The trick, we soon learned, wasn’t to approach people about the parts of money management that stymie so many of us, like long-term saving and planning for the future. Instead, the best route to getting people to open up is to explore the places where they were succeeding—the tips, tricks, and hacks that they were using in order to make smart financial decisions in the near term.

Build on What Works

The first prototype in this journey to design digital tools to improve the financial health of low-income Americans is called Money Stories. We’re doing precisely what worked so well in talking to people in person: we’re collecting tips, tricks, and successes from people across the country as a way to understand what kind of digital financial tools can really improve lives. Check it out, and add your story.

So what if your work suddenly hinges on getting people to have really candid conversations about taboo subjects? Here’s a summary of what’s worked for us.

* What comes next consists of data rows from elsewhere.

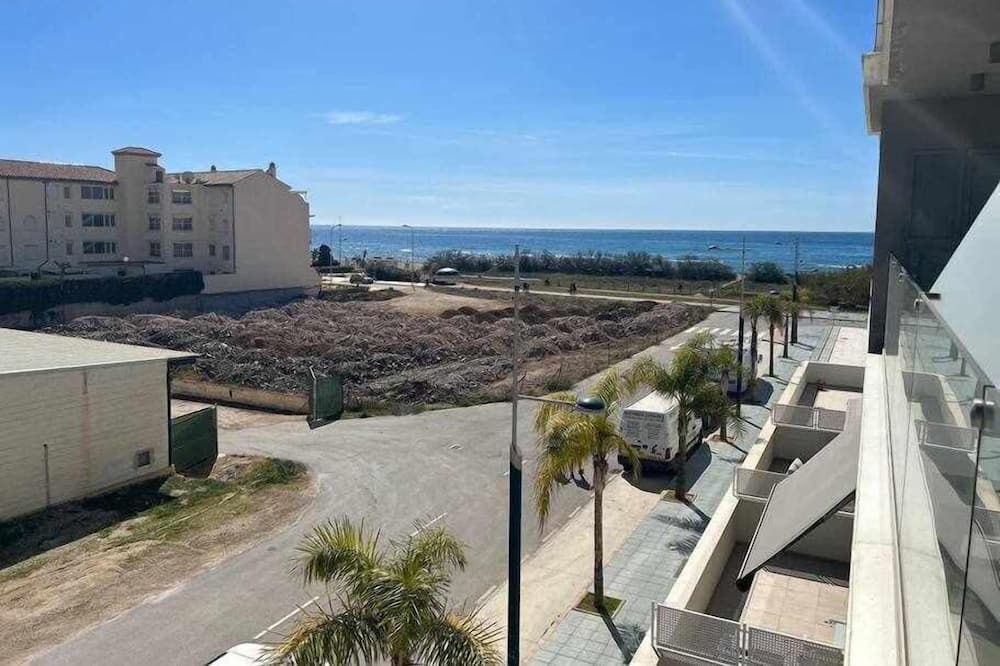 Photo of Outdoor in Los Llanos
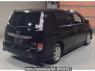 Used 2016 AT toyota isis ZGM10W Image[1]
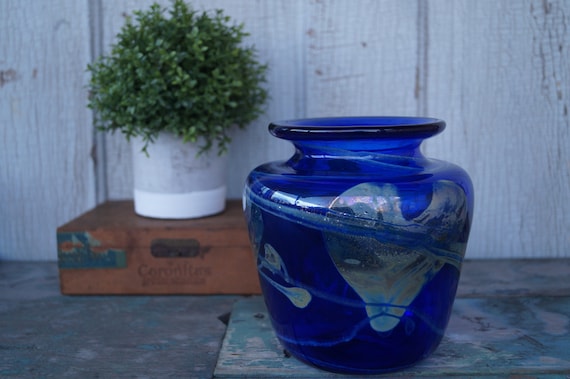 Antique Glass Vase セット $_57.JPG?set_id=8800005007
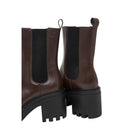 Calvin Klein Stivali Donna immagine 5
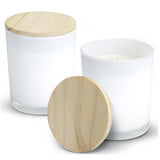 Tranquil Scented Candle Corporate Gift Singapore
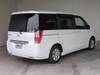 HONDA STEPWAGON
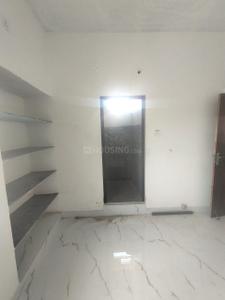 Project Image of 688.0 - 1300.0 Sq.ft 2 BHK Apartment for buy in Hariharan Apartment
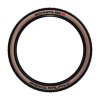 Schwalbe plášť RACING RALPH 29x2.35 SuperRace TLE Addix Speed transparent sidewall skládací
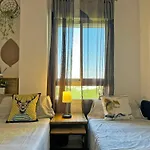 Apartamento Santiago - Ole Solutions
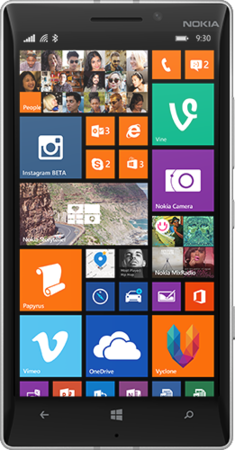 Nokia-Lumia-930-front.png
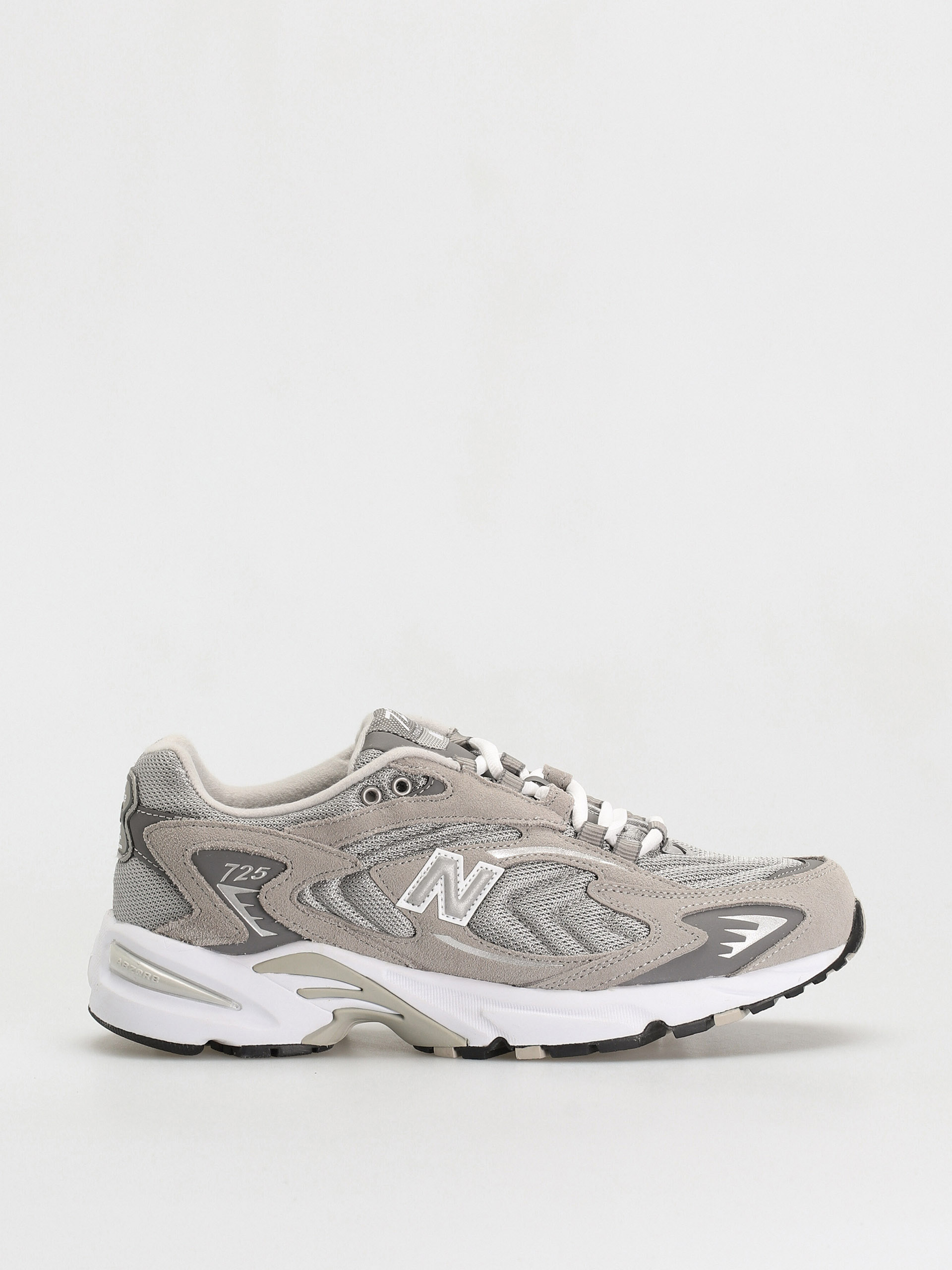 Topánky New Balance 725 (grey)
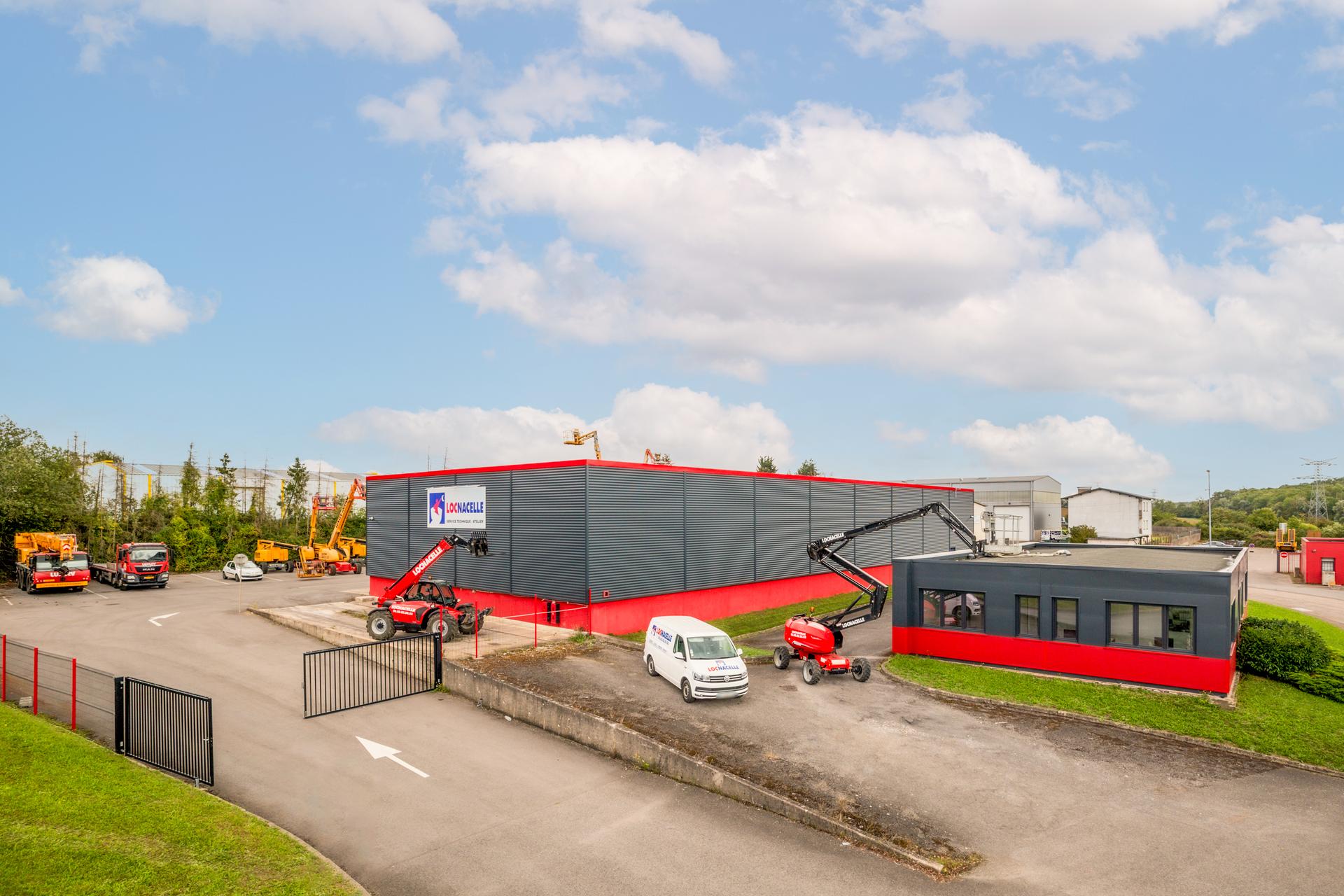 galerie image galerie image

First off, consider the context. What’s the nail salon equivalent that you could set up that would put people at ease and make them feel more comfortable talking about the hard stuff?

Next, reframe the question. How might we get people to talk about those emergencies situations or their neighbor’s behavior instead of asking them to talk about their regular behaviors to get them to open up about shame-inducing topics?

Finally, build on what works. Instead of starting off with the really challenging stuff that makes people feel uncomfortable, start by asking them about the successes. Start from a place that feels really good, then move into tougher territory.

Adapted from the Big Idea speech IDEO.org Co-Lead and Executive Director Jocelyn Wyatt gave at the 2016 Emerge: Consumer Financial Health Forum in New Orleans.